Pricing a Bermudan Option with the Longstaff-Schwartz Monte Carlo Method
Pricing a Bermudan Option with the Longstaff-Schwartz Monte Carlo Method
A Bermudan put option on a stock gives its holder the right to sell the stock at an agreed strike price at a certain finite number of fixed times before or at the final expiry time. Thus a Bermudan put option is more valuable than a European option (with the same parameters) but less valuable than an American put option, which can be exercised at any time before expiry. This Demonstration implements the famous method due to Longstaff and Schwartz of computing the price of a Bermudan put option on a stock by Monte Carlo simulation. Although the method can be applied to any model of stock movement, here we use it in the case of the classical Black–Scholes model. For simplicity, we also assume that the stock pays no dividend.
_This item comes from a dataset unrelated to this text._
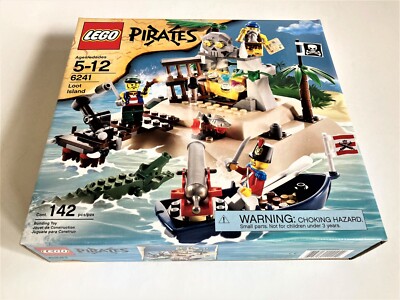 Lego Pirates 6241 Loot Island NISB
In this Demonstration the option can be exercised at any of three moments in time prior to the expiry (at time 1). The time of exercise can be changed by moving the three colored points along the time axis. You can vary the strike price of the option (represented by the black horizontal line), as well as the initial stock price, its volatility, and the rate of appreciation (assumed, by the principle of risk neutrality to be equal to the rate of interest). The red points on some of the paths, directly above the exercise points on the time axis, correspond to stock values at which it is optimal to exercise the option at that particular exercise time.